[Records from a dataset]

# # # # #

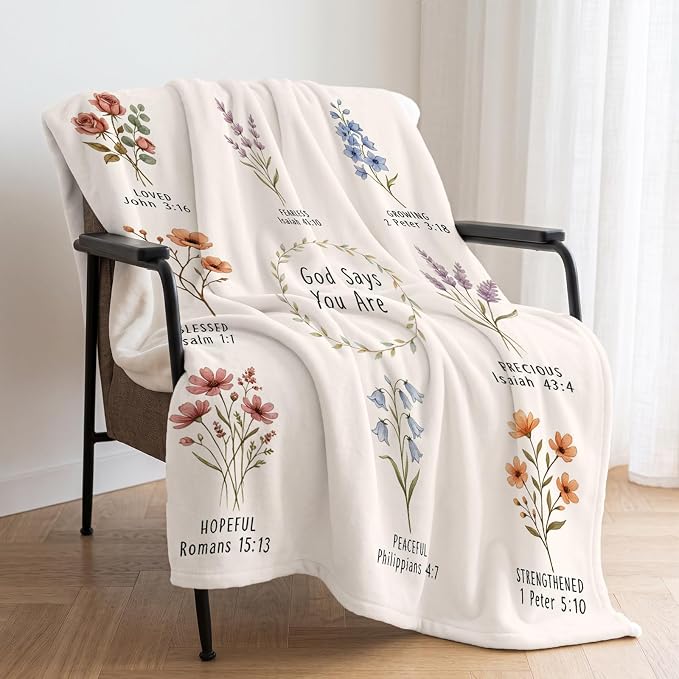 COMFAR Christian Gifts for Women Faith, Inspirational/Religious/Spiritual/Baptism Gifts for Adults/Girl, Soft Throw Blankets for Women/Men, First Holy Communion Gifts for Girls 40"x 50"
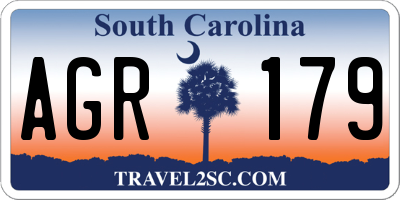 SC license plate AGR179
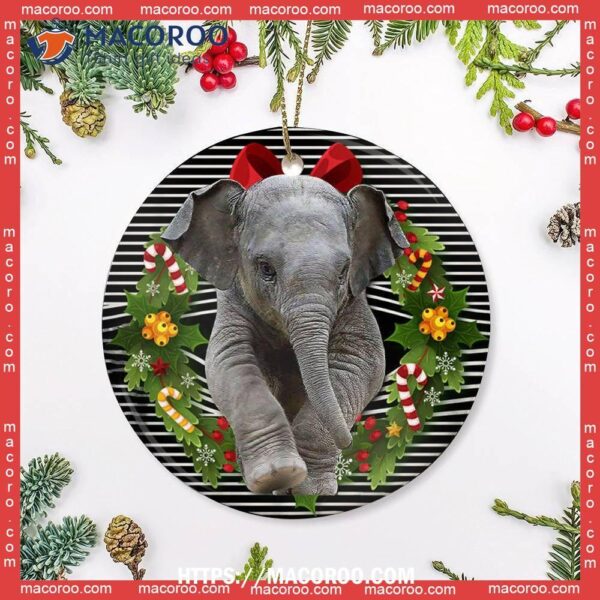 Elephant Christmas Wreath So Lovely Circle Ceramic Ornament, Elephant Christmas Ornaments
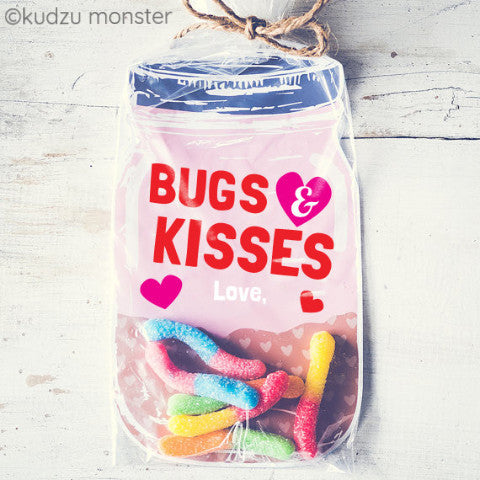 Pink Bug and Kisses Mason Jar Valentine - Kudzu Monster
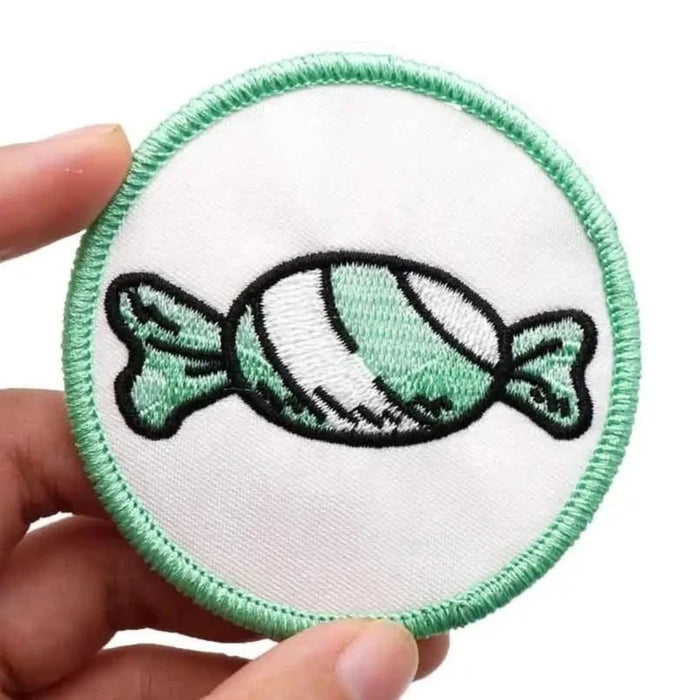 Cute 'Mint Candy | Round' Embroidered Velcro Patch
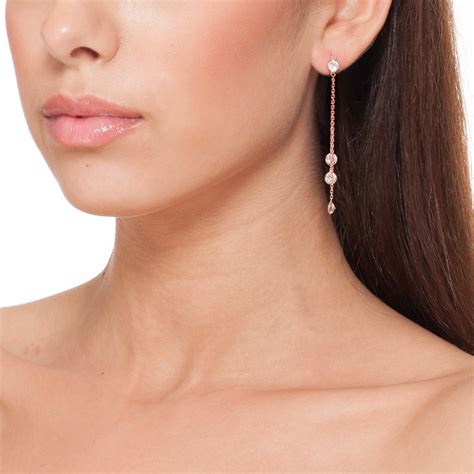 Rose Gold Long Earrings | saffgroup.com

# # # # #

What you need to do: Text only, pictures out: give every record again as written.

Response box:
 COMFAR Christian Gifts for Women Faith, Inspirational/Religious/Spiritual/Baptism Gifts for Adults/Girl, Soft Throw Blankets for Women/Men, First Holy Communion Gifts for Girls 40"x 50"
 SC license plate AGR179
 Elephant Christmas Wreath So Lovely Circle Ceramic Ornament, Elephant Christmas Ornaments
 Pink Bug and Kisses Mason Jar Valentine - Kudzu Monster
 Cute 'Mint Candy | Round' Embroidered Velcro Patch
 Rose Gold Long Earrings | saffgroup.com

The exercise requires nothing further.